----- Collected material
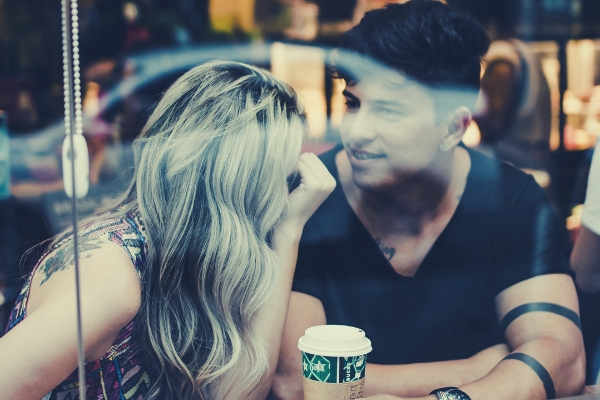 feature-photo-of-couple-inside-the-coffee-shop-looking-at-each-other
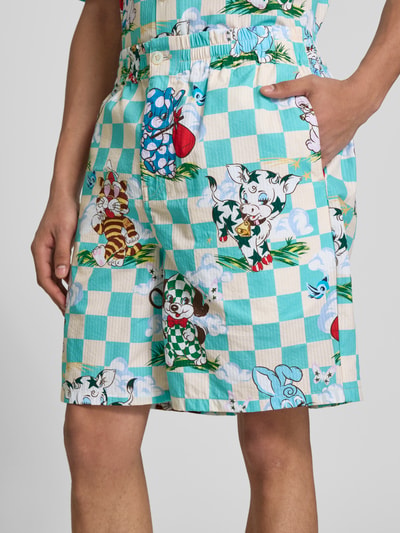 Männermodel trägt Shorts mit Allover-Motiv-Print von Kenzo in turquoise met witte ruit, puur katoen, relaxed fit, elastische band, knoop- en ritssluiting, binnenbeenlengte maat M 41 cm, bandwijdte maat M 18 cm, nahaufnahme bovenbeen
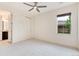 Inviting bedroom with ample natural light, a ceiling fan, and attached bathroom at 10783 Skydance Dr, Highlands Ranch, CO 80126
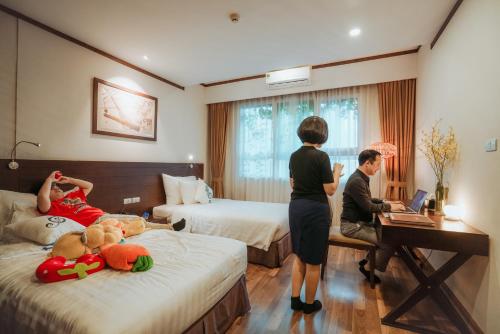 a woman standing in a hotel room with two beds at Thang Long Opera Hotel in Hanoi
----------
▶ _What the task asks_: Find the line that has "Männermodel trägt Shorts" in the listing, then retype it and each later line up to the last, exactly. Leave pictures out.

▶ _Reply_:
 Männermodel trägt Shorts mit Allover-Motiv-Print von Kenzo in turquoise met witte ruit, puur katoen, relaxed fit, elastische band, knoop- en ritssluiting, binnenbeenlengte maat M 41 cm, bandwijdte maat M 18 cm, nahaufnahme bovenbeen
 Inviting bedroom with ample natural light, a ceiling fan, and attached bathroom at 10783 Skydance Dr, Highlands Ranch, CO 80126
 a woman standing in a hotel room with two beds at Thang Long Opera Hotel in Hanoi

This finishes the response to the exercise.